**Work order**
All the lines below need retyping exactly, apart from the images.

**Information shown**

══════

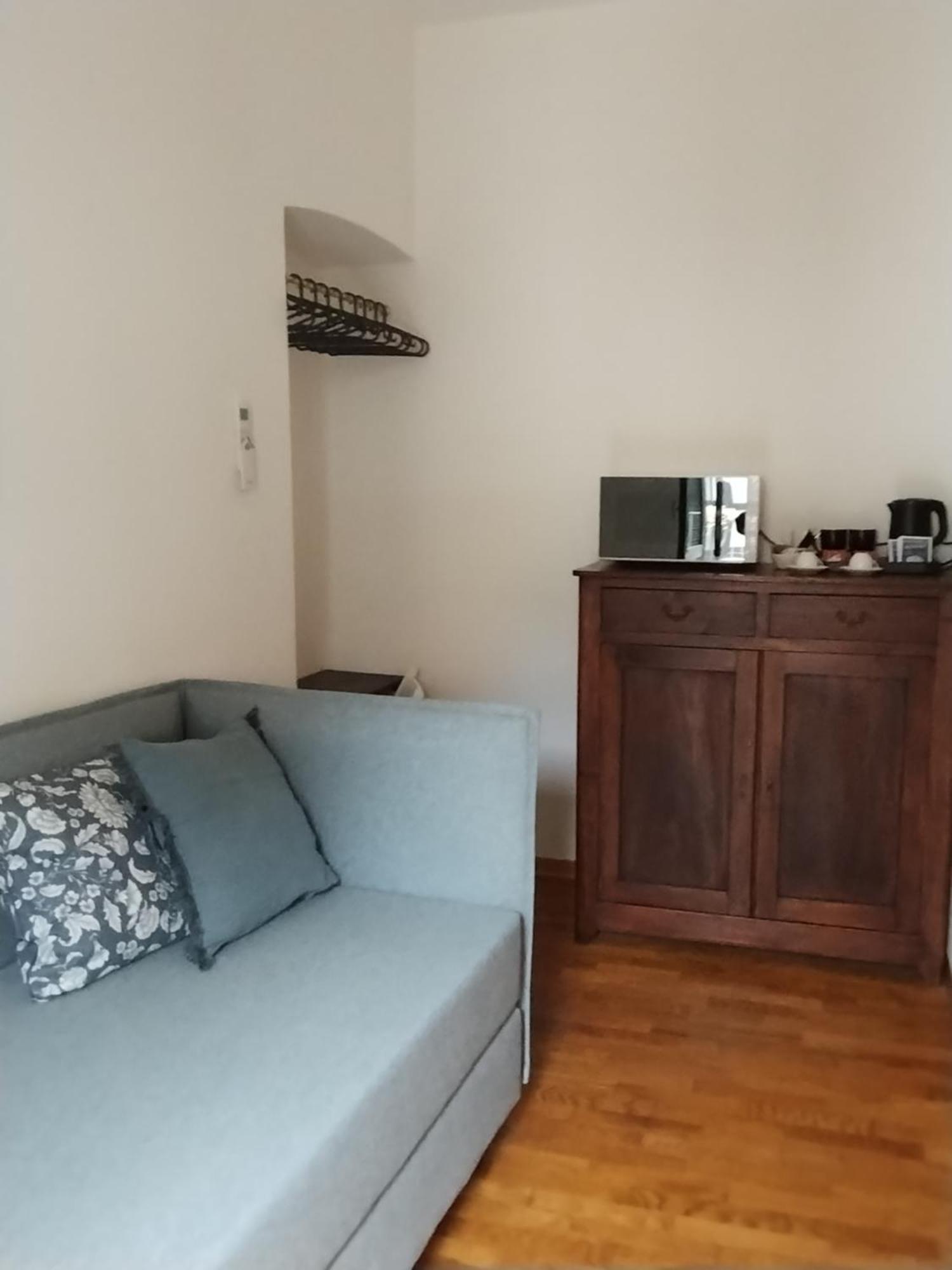 Palazzo Cusani Charming Rooms 韦尔切利 外观 照片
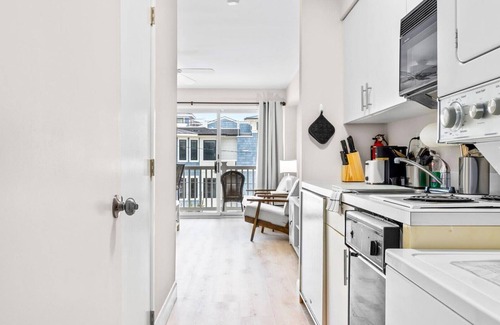 North End Condominio | Cozy 1BR w Ocean Views & Parking - OCNJ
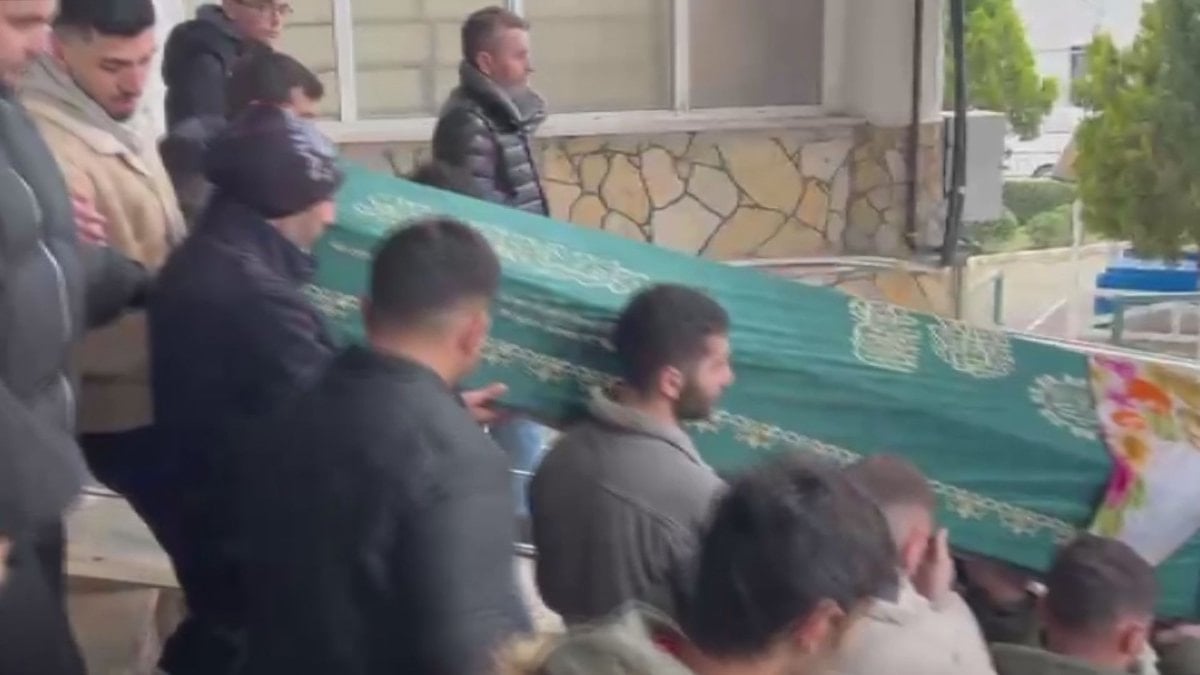 İstanbul’da eşi tarafından öldürülen Gülten Ürkmez toprağa verildi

══════

**Task answer**
 Palazzo Cusani Charming Rooms 韦尔切利 外观 照片
 North End Condominio | Cozy 1BR w Ocean Views & Parking - OCNJ
 İstanbul’da eşi tarafından öldürülen Gülten Ürkmez toprağa verildi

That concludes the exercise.